#### Aim of the task:
Transcribe nothing except the lines below that run from the one with "F 048 JC Mosaic" to the one with "Baby Shower mamma", ends included, and do not copy any picture.

#### Raw data:
+-------+
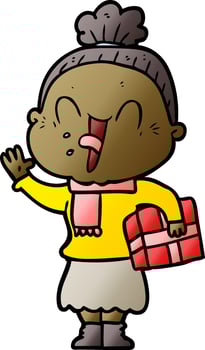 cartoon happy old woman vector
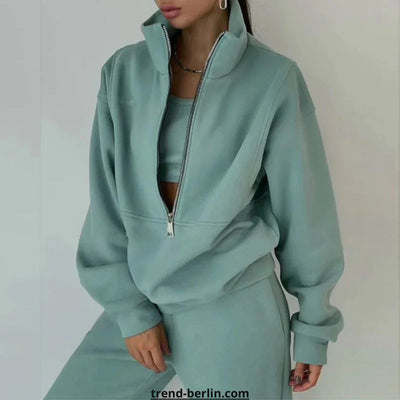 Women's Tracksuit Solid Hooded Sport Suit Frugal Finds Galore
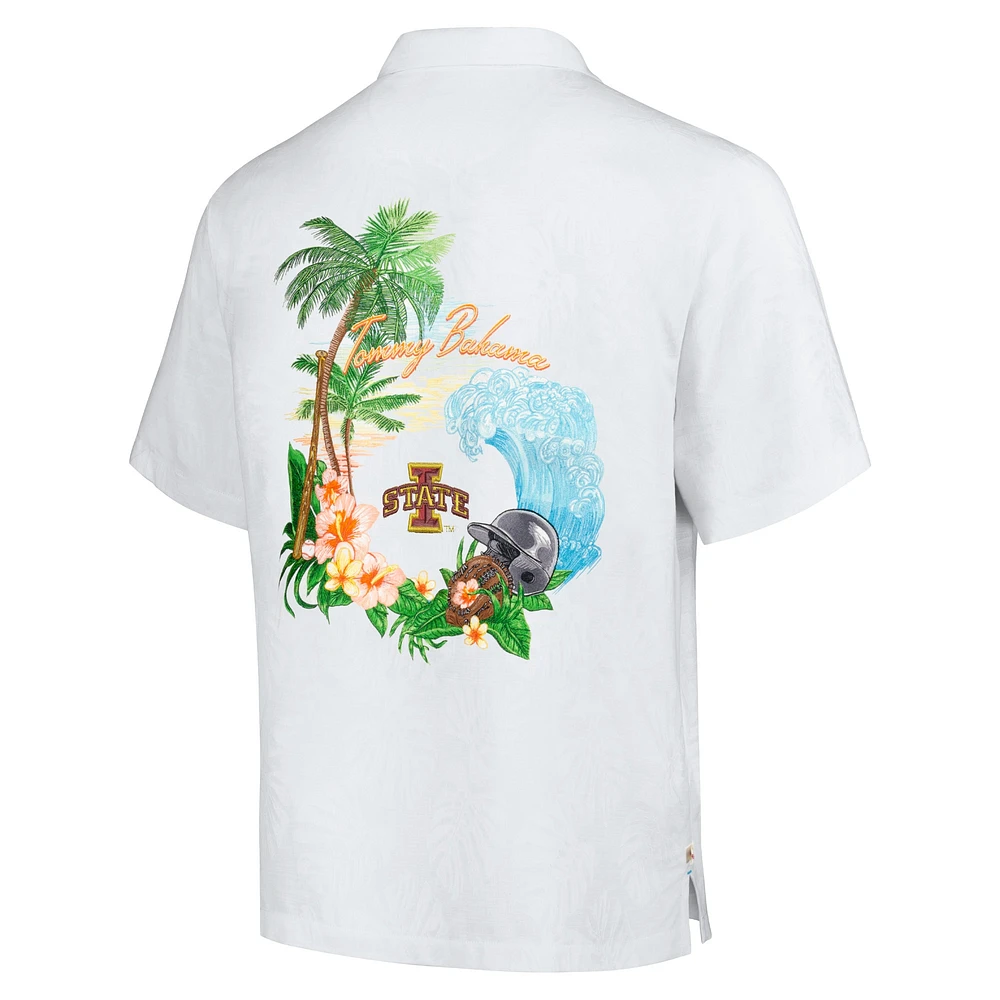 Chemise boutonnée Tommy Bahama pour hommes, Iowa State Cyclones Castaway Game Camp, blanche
+-------+
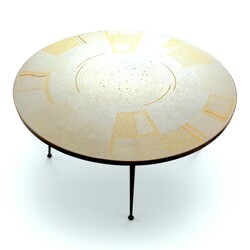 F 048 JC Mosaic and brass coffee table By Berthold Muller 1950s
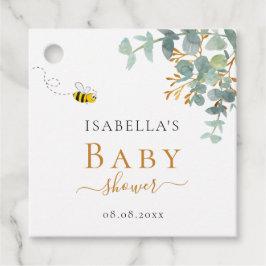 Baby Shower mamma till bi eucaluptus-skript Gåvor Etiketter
+-------+
#### Exercise output:
 F 048 JC Mosaic and brass coffee table By Berthold Muller 1950s
 Baby Shower mamma till bi eucaluptus-skript Gåvor Etiketter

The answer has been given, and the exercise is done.